I’ve been exercising a lot lately, which partially accounts for lack of blogs I suppose. At least three days a week I’m up at 6:15 and at the gym for 7 a.m. “bootcamp.” It kicks my butt, which is pretty much what I need.
They say that you shouldn’t work out on an empty stomach, and in my case I’ve learned from experience that I have to have some sugar in me beforehand. Otherwise, dizziness and fainting ensue, and I really don’t enjoy being that girl. So I try to grab something on the way out, usually a bar of some sort (Luna, Lara, whatever…) I also try and grab something afterwards and on occasion I need something to tide me over between meals…. the result is that I can end up spending $10-$15 a week on “bars.”
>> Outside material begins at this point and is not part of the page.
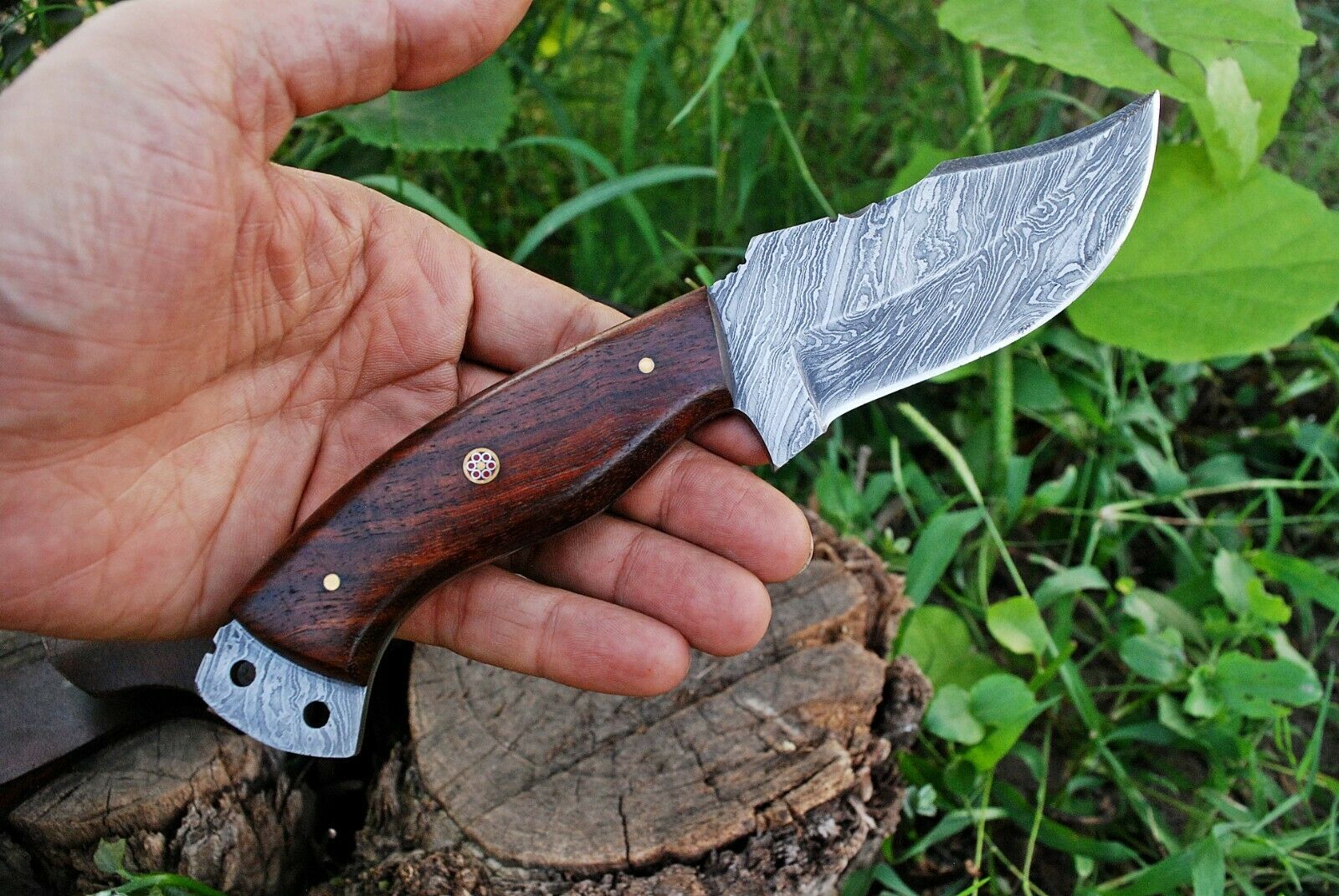 Artisan Crafted Damascus Steel Hunting Knife - Korvel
So I was kind of excited when Deb at Smitten Kitchen posted a recipe for thick, chewy granola bars that she’d adapted from the King Arthur’s Flour site. I tried them the way they were, and they were fantastic, but not entirely to my liking. So I tinkered with the recipe, cut out the corn syrup, switched to brown sugar and reduced the butter. I also added more peanut butter and experimented with adding mashed bananas… and after much trial and error I think I’ve got it. These are reasonably healthy: they’ve got a dose of sugar for quick energy at the beginning of your workout, but lots of nuts (ie protein) to sustain you through a 90 minute bike ride or yoga class or whatever. I wouldn’t call them low-fat, but they’re full of good fats and whole grains and since you make them yourself, you know exactly what’s in there.
These are a cinch to make: about 10 minutes of mixing ingredients, 40 minutes of baking and then a few hours of letting them sit on the counter and cool. Chicky and I call them birdseed bars cause with all the nuts and seeds that’s kind of what they look like. But they taste much better- I think. I’ve never actually eaten birdseed. Anyway…
1 2/3 cups quick oats
3/4 cup brown sugar
1/3 cup flour
1/2 tsp salt
1/4 tsp cinnamon
2-3 cups dried nuts/fruit (I always use three cups and enjoy a combination of pepitas, sliced almonds, flax seeds, sunflower seeds, chocolate chips, shredded coconut and wheat bran. Feel free to use whatever you like or have in your cabinet)
1/2 cup natural peanut butter (put in the microwave for 15 seconds to soften it up)
4 Tb melted butter (you can also substitute a mashed banana here, or halve the water and the butter and use a banana)
1/4 cup honey, maple syrup or agave nectar
4 Tb water
Preheat oven to 350.
Mix the dry ingredients together in a large bowl and stir well. Add the wet ingredients and mix well. The mixture should be the consistency of mud. Spray a 9×9 pan with cooking spray and line with a sheet of parchment paper that comes up two opposing sides of the pan. Pour in your bar mixture and press firmly and evenly into place with the back of a spoon.
Bake for 40-50 minutes until the edges are just golden brown. Remove from the oven and allow to cool completely. You can let them cool in the pan or pull up the edges of the parchment to remove the whole panful of bars, which will cool them faster. Once they are completely cool, use a serrated knife to cut bars of your desired size. (Note: The bars will crumble if you try to cut them before they’re completely cool. If you have issues, try putting the pan in the fridge for a half hour or so.)
Store in an airtight container, or in the fridge.